**Data extract**:

-- Opening Marker --

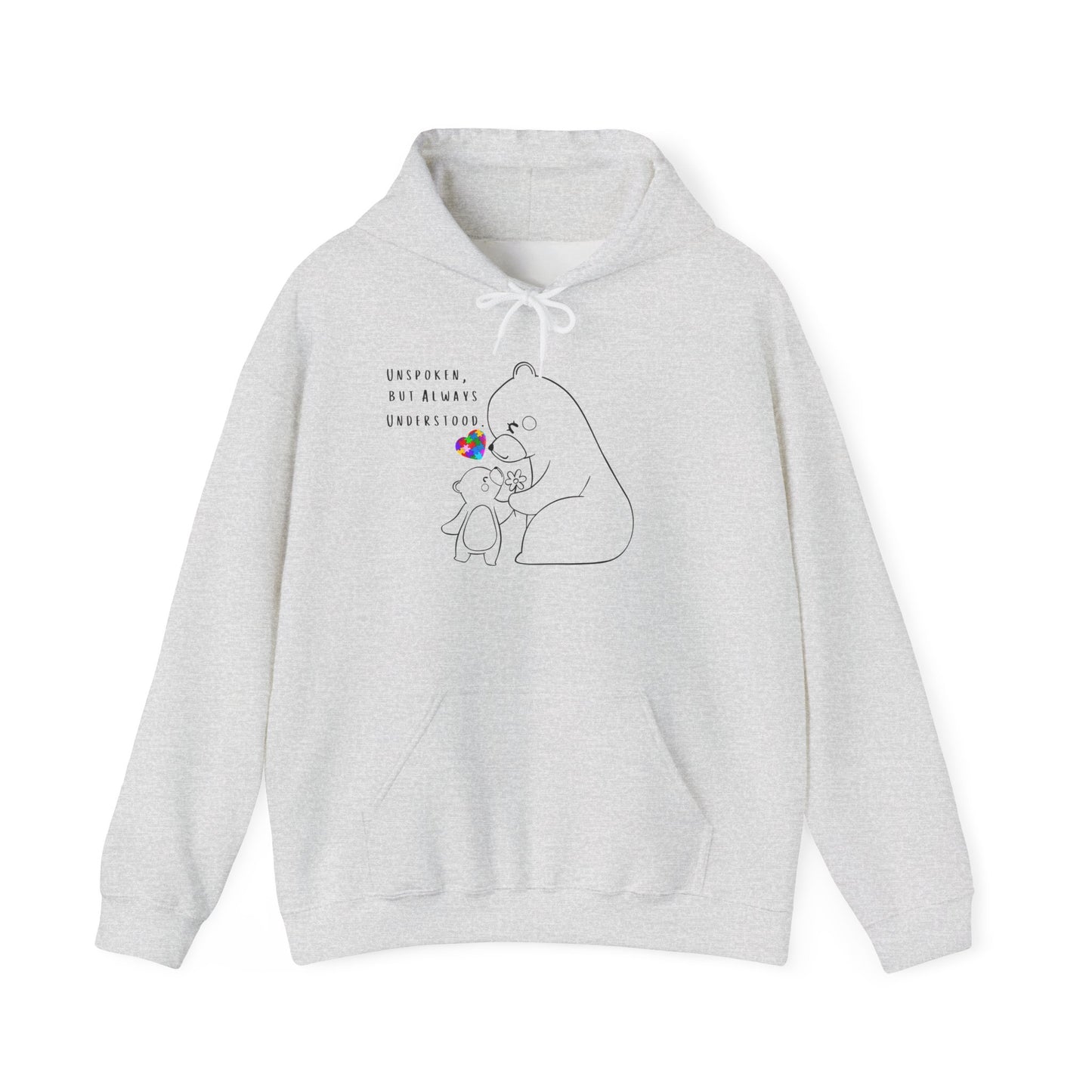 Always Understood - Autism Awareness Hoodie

-- Closing Marker --
-- Opening Marker --

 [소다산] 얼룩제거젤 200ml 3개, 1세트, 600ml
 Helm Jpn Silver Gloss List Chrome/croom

-- Closing Marker --

From the line holding "[소다산] 얼룩제거젤 200ml 3개, 1세트, 600ml" to the line holding "Helm Jpn Silver Gloss List Chrome/croom", inclusive, restate each line above exactly as written.

 [소다산] 얼룩제거젤 200ml 3개, 1세트, 600ml
 Helm Jpn Silver Gloss List Chrome/croom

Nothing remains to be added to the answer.